Your task: Go through the lines below and repeat each one exactly, skipping pictures.

Raw data:
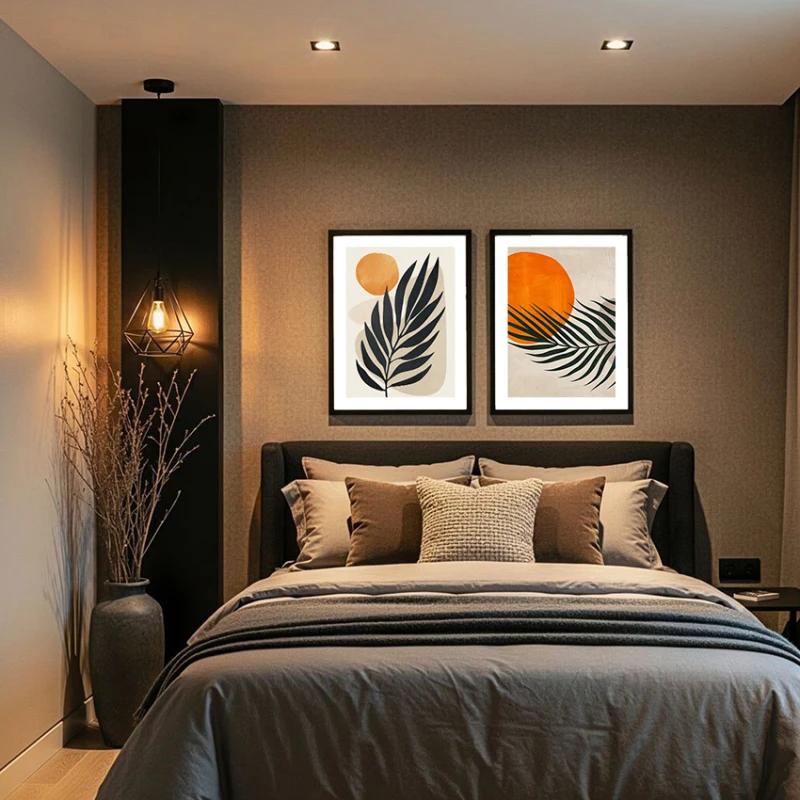 Joc din Frunze - Set 2 Tablouri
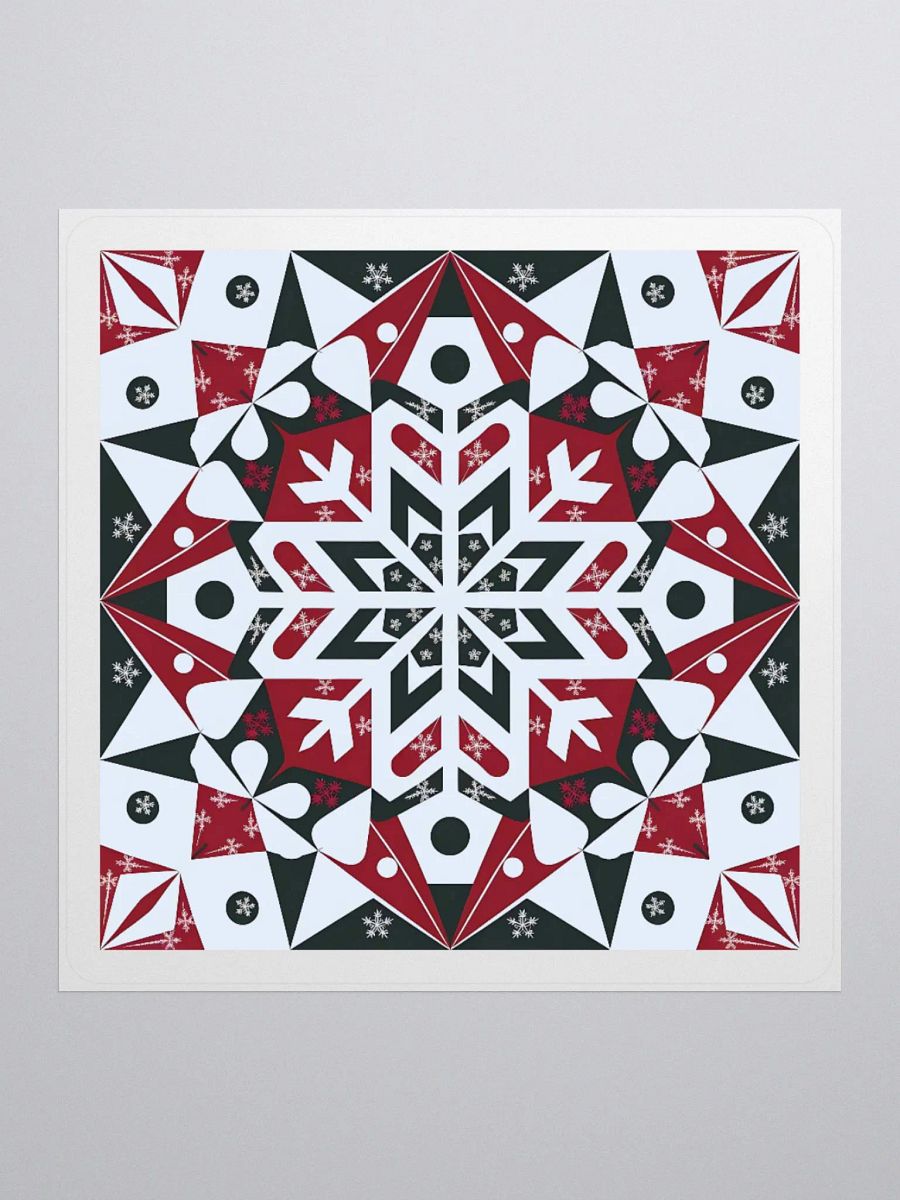 Symmetric Snowflake Kiss Cut Stickers product image (1)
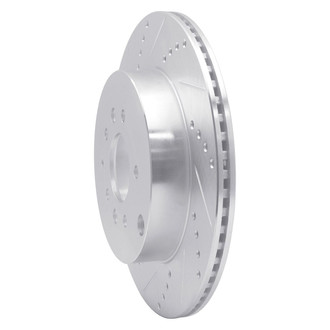 R1 Concepts® - eLINE™ Drilled and Slotted 1-Piece Rear Driver Side Brake Rotor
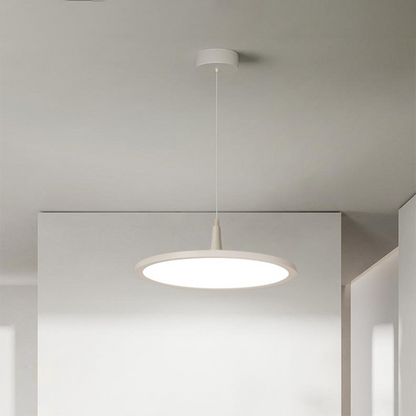 Modern Minimalist Aluminum Round Shape LED Pendant Light For Dining Room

Response to the exercise:
 Joc din Frunze - Set 2 Tablouri
 Symmetric Snowflake Kiss Cut Stickers product image (1)
 R1 Concepts® - eLINE™ Drilled and Slotted 1-Piece Rear Driver Side Brake Rotor
 Modern Minimalist Aluminum Round Shape LED Pendant Light For Dining Room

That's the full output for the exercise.